Hard part is pinning down the variables. Good Idea to read the speck sheet.
Mark


----------



## DrewCarey82 (30/12/17)

Yeast was about 2 months old, rehydrated with a 1 litre starter.


----------



## MHB (30/12/17)

I know this will upset some people but - rehydrating is a benefit if you do everything properly, if you don't you will kill a lot of your yeast.
There is a big difference between making a starter and rehydrating yeast.
If you are making a starter, before you add it to your wort make sure it's attemperated (at the same temperature as the wort).
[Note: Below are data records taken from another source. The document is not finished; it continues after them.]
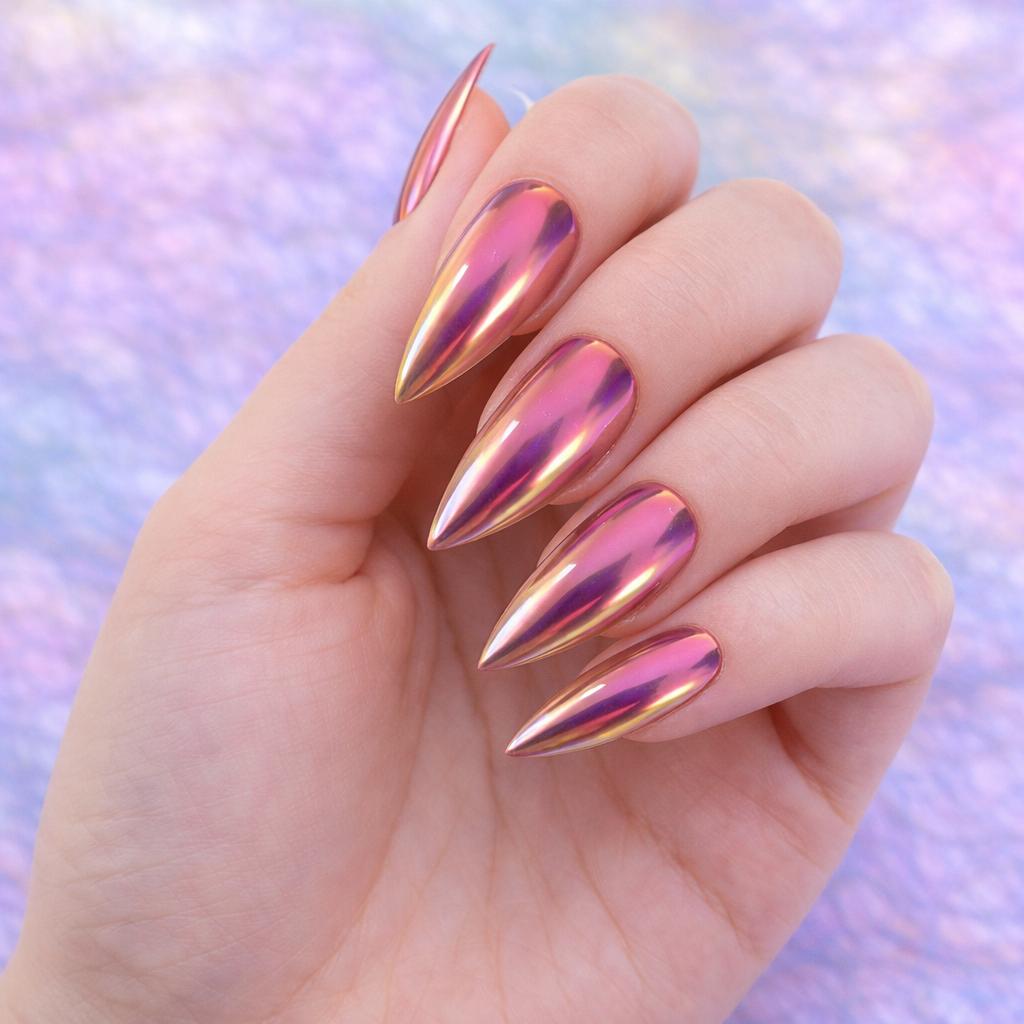 Miss Cherry Miss Cherry Uñas postizas Press ON con efecto aurora Tips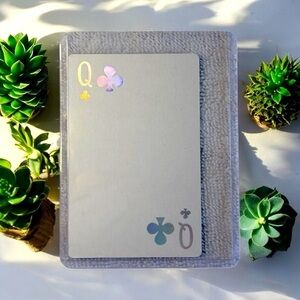 3/$25 DIOR JOY Queen of Clubs Holographic Playing Card in Protective Case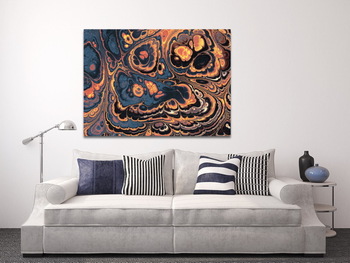 Модульная картина Абстрактный оранжево, синий узор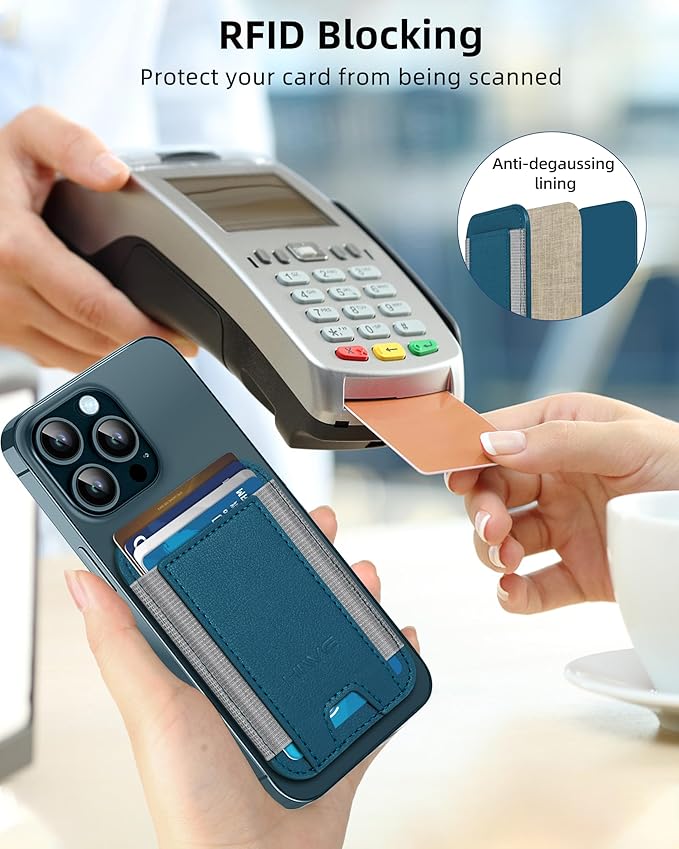 HiWe for MagSafe Wallet: 7-Card Holder, RFID Blocking, Strong Magnet for iPhone 12-17 Series, Slim, 1 Slot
To be really useful a starter should be actively fermenting, then if necessary add small portions of wort with stirring and temperature checks, until it is close to the temperature of the wort.
By 2 months old, are we talking a 2 month old unopened packet or a slurry that's been sitting in the fridge (dying) for two months?
Mark


----------



## DrewCarey82 (30/12/17)

Unopened packet mate.


----------



## Brewno Marz (30/12/17)

DrewCarey82 said:


> Hey Guys.
> 
> Put down on the 18th, in a plastic carboy in my fridge @ 13 degrees, not using airlock sealed with gladwrap which is still a solid balloon.
> 
> ...


In my experince it takes 8 to 10 days to fully ferment. I use 3 packs for 40 litres, rehydrate and ferment at 13.5degC


----------



## DrewCarey82 (31/12/17)

Just took 2 consecutive hydrometer reading 1.011 with a starting SG of 1.052 so all good. Doing Dycotel rest now.


----------